Ее старое лицо оставалось безучастным. Она погладила кошку.
— В Анкуруме? Ты теперь во многих милях от Анкурума. Ближе к Саготе.
И выше, чем в предгорьях. Тут горы — Кольцо.
— Чей это стан? — спросила я.
— О, собственно ничей. Хотя, если спросишь кого другого, тебе ответят, что мы люди Герета. Купеческий стан. Этот караван направляется к древним городам за Кольцом и Водой. Мы путешествуем вместе из-за разбойников. В горах их немного, но все-таки попадаются, перед надвигающейся зимой они любят хорошенько запастись всем необходимым.
— Вы везете оружие для межгородских войн?
— Немножко. А в основном — продовольствие. За Водой с земледелием неважно. Плохая бесплодная земля.
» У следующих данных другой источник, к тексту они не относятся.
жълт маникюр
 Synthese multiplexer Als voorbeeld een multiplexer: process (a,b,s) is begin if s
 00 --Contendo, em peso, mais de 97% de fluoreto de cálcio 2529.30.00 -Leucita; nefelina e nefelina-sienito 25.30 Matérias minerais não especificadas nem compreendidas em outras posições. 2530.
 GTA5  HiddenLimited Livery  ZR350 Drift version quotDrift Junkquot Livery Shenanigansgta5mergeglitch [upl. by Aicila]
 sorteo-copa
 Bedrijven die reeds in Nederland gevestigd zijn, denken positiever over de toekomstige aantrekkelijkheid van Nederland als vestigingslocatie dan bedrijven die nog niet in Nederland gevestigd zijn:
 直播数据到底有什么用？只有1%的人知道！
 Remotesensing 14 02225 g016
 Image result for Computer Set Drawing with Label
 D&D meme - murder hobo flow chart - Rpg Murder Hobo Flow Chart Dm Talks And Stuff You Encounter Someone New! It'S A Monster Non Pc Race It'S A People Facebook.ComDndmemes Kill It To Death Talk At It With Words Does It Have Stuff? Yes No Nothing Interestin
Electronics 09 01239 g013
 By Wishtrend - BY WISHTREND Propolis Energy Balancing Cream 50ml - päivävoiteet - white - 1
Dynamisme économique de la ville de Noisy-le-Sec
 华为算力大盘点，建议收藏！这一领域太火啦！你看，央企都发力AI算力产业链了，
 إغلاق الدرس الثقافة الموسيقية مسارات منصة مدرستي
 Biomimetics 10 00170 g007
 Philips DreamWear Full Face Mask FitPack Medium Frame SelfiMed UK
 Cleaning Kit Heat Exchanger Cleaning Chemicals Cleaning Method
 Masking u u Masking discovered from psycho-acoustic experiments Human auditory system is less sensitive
Я ощутила во рту горький, как полынь, привкус иронии. Еще один караван; на этот раз неподдельный. И я в фургоне целительницы, я, которая тоже одно время была своеобразной целительницей. И они ехали, страшась разбойников. Тут девица принесла клейкую кашу, но я не смогла ее есть. Старуха заставила меня выпить какой-то отвар, горький, как ирония у меня во рту, и я уснула.
Я не помнила своих снов. По утрам у меня была тяжелая голова от горького отвара, и все казалось смазанным и неопределенным. Похоже, мы находились в горном ущелье, перебираясь через Кольцо, но теперь стало холоднее и за стенами пещер, где укрылись караванщики, четыре дня бушевала гроза. Грозу было слышно, но звуки не казались естественными, а походили на вой и царапанье какого-то огромного зверя, норовящего добраться до нас. Через большую пещеру протекала свежая ледяная вода, и костры постоянно горели, плюясь искрами и едким дымом.
На второй день ко входу в фургон подошел мужчина в отороченном мехом плаще и в сопровождении пары подручных.
— Уасти, — позвал он глухим важным голосом.
Это явно было именем целительницы, так как та оставила свой железный котелок и раскрыла полог пошире.
— Что?
— «Что?» Разве со мной так разговаривают?
— А как же еще, Герет-фургоновладелец, если я хочу узнать, зачем ты пришел?